1 candidate will be elected to be secretary for AHUG.
Eric Boyer, GENCI
Eric is the HPC HPDA IA project manager at GENCI (“Grand Equipement National pour le Calcul Intensif”). The objective of his mission is mainly to serve the HPC project “Exascale-France”, supported by the EEC, which will lead to the commissioning of computing resources of exceptional size and based on sovereign technologies by 2024. He is responsible for GENCI’s participation in projects towards the ramp-up of France Exascale project (EUPEX https://eupex.eu and EPI https://www.european-processor-initiative.eu). Eric coordinates the national technology watch, bringing together experts from CEA, CNRS, Inria and national computing centers, focused on energy efficiency and the preparation of scientific communities He has been in charge of this effort since its initial setup in 2014.
He has been the Head of the High-Performance Computing Department at CINES from 2018 to 2021. Eric has a degree in applied mathematics and physics and an engineer degree in computer science.
Personal Statement of Interest: The French HPC community plays an important role in the Arm HPC ecosystem, and it matters to have it represented. The key role of the technology watch group, animated by GENCI is a matching vehicle to handle this objective.
Aaron Jezghani, Georgia Institute of Technology
Aaron earned his doctorate in physics from the University of Kentucky, where he studied neutron and nuclear beta decay as a precision test of the Standard Model. His research focused primarily on custom FPGA-based signal processing for particle detection, but he also contributed significantly to simulation and analysis code for x86 and GPU architectures. After finishing, he joined the Partnership for an Advanced Computing Environment (PACE) at Georgia Tech as a research computing facilitator, where he provided HPC training, wrote documentation, and supported user efforts. Aaron also works closely with faculty from the Center for Research into Novel Computing Hierarchies (CRNCH), supporting enterprise infrastructure and user workflows on the collection of post-Moore architectures. He has been an instructor for Georgia Tech’s Team Phoenix VIP course since 2020, and recently took on the role of instructor for the Future Computing with the Rogues Gallery VIP course.

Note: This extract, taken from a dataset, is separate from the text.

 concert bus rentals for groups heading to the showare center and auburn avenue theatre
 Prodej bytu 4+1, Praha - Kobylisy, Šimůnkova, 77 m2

Currently, Aaron focuses his attention on improving access and experience to computational resources, especially emerging and cloud technologies. Outside of his work at Georgia Tech, he is an active member of the Association for Computing Machinery and volunteers his time to mentor students and researchers through programs such as Microsoft TEALS and Nvidia GPU Hackathons.
Personal Statement of Interest: One of my main goals in serving as a board member for AHUG is to advocate more strongly for the adoption of compelling technologies such as Arm processors for HPC and computational research. Georgia Tech currently hosts a variety of architectures ranging from the A9 processors in our instructional FPGA cluster to the Bluefield SmartNICs for accelerated network processing to the stand-alone A64FX testbed, and likely will begin broader support for various cloud architectures as researchers continue seeking improved efficiency and novel approaches to computing. As a board member, I could best join my on-campus efforts with the Arm community at large.